◆ EXERCISE OBJECTIVE ◆
In the listing below, find the line containing "Beige színű póló, textúrált" and the line containing "Pair of vintage", then copy exactly everything from the first through the second, except the pictures.

◆ EXERCISE INPUT ◆
________________________________________

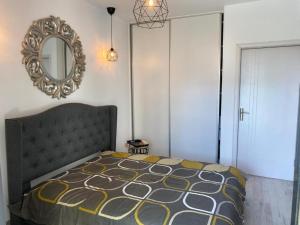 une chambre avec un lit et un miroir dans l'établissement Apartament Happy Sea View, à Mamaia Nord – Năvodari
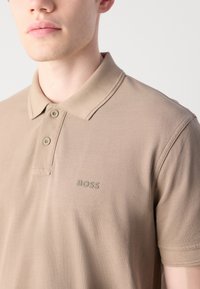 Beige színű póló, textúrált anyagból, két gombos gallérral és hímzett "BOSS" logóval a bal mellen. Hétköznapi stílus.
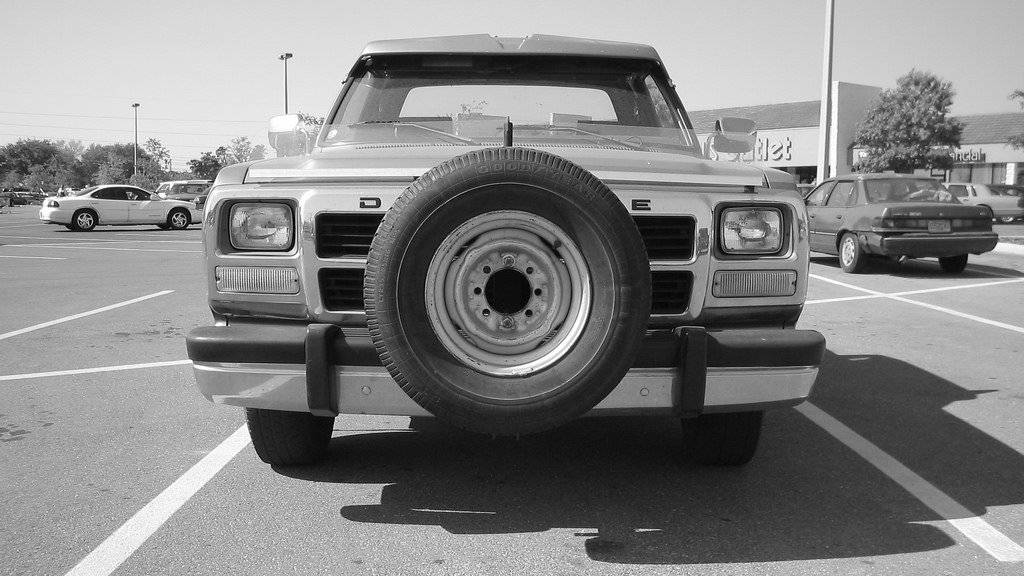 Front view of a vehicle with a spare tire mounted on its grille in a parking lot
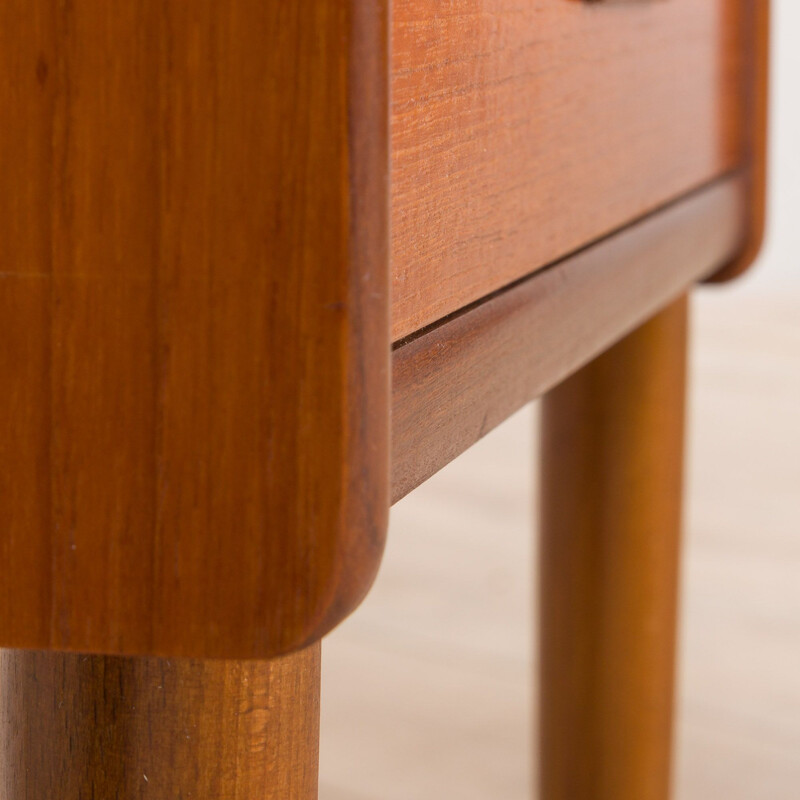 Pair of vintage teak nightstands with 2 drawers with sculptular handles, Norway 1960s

________________________________________

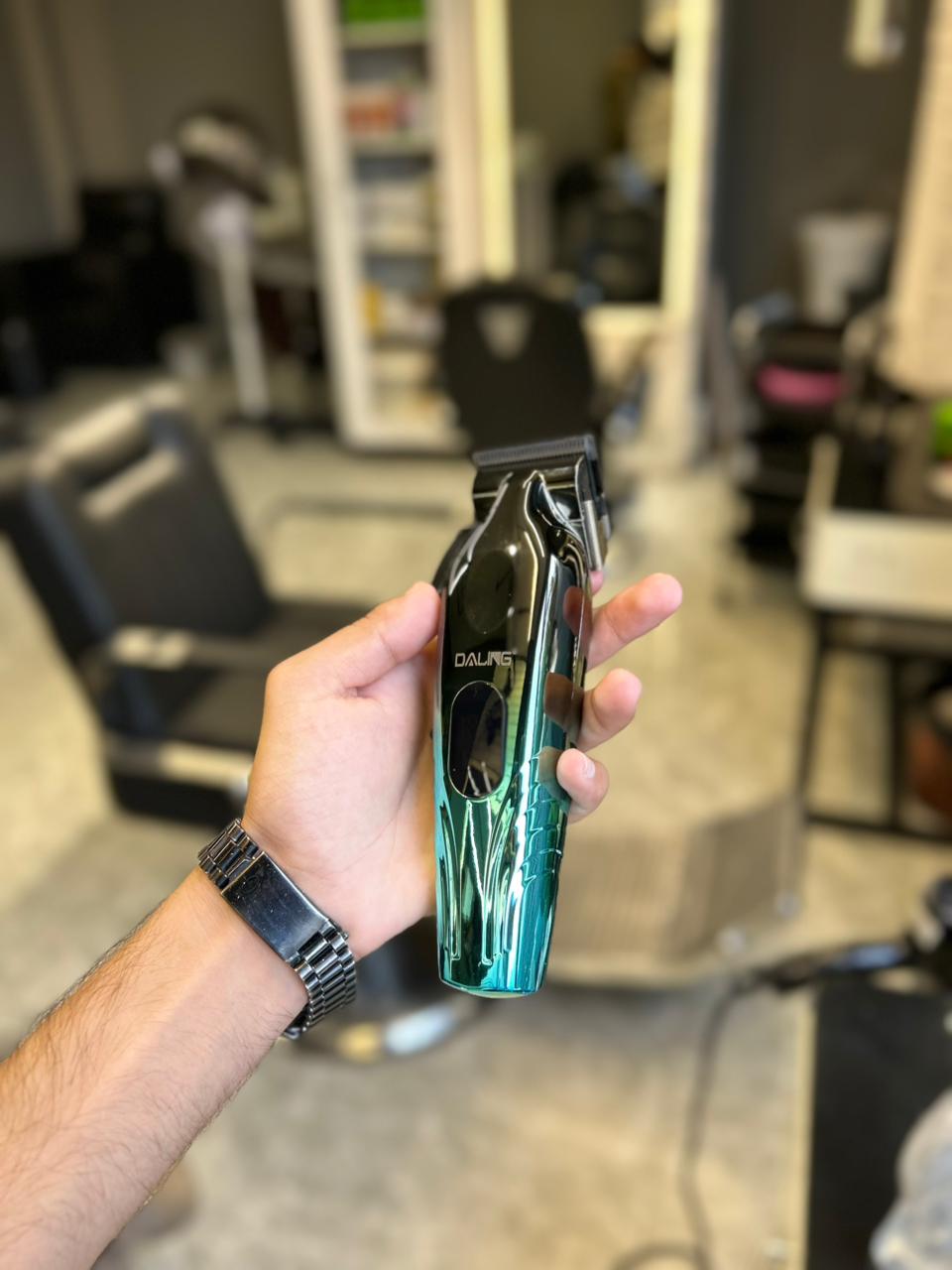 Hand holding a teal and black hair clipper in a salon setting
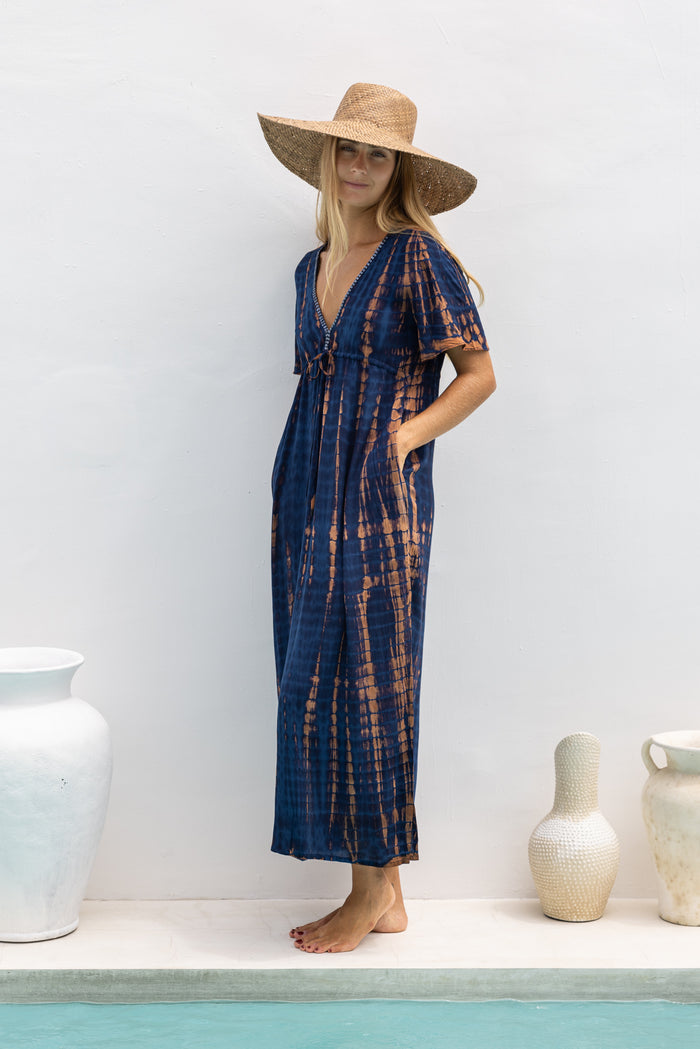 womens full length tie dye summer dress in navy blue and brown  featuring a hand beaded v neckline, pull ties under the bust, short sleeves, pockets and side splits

________________________________________

◆ RESULT FOR THIS TASK ◆
 Beige színű póló, textúrált anyagból, két gombos gallérral és hímzett "BOSS" logóval a bal mellen. Hétköznapi stílus.
 Front view of a vehicle with a spare tire mounted on its grille in a parking lot
 Pair of vintage teak nightstands with 2 drawers with sculptular handles, Norway 1960s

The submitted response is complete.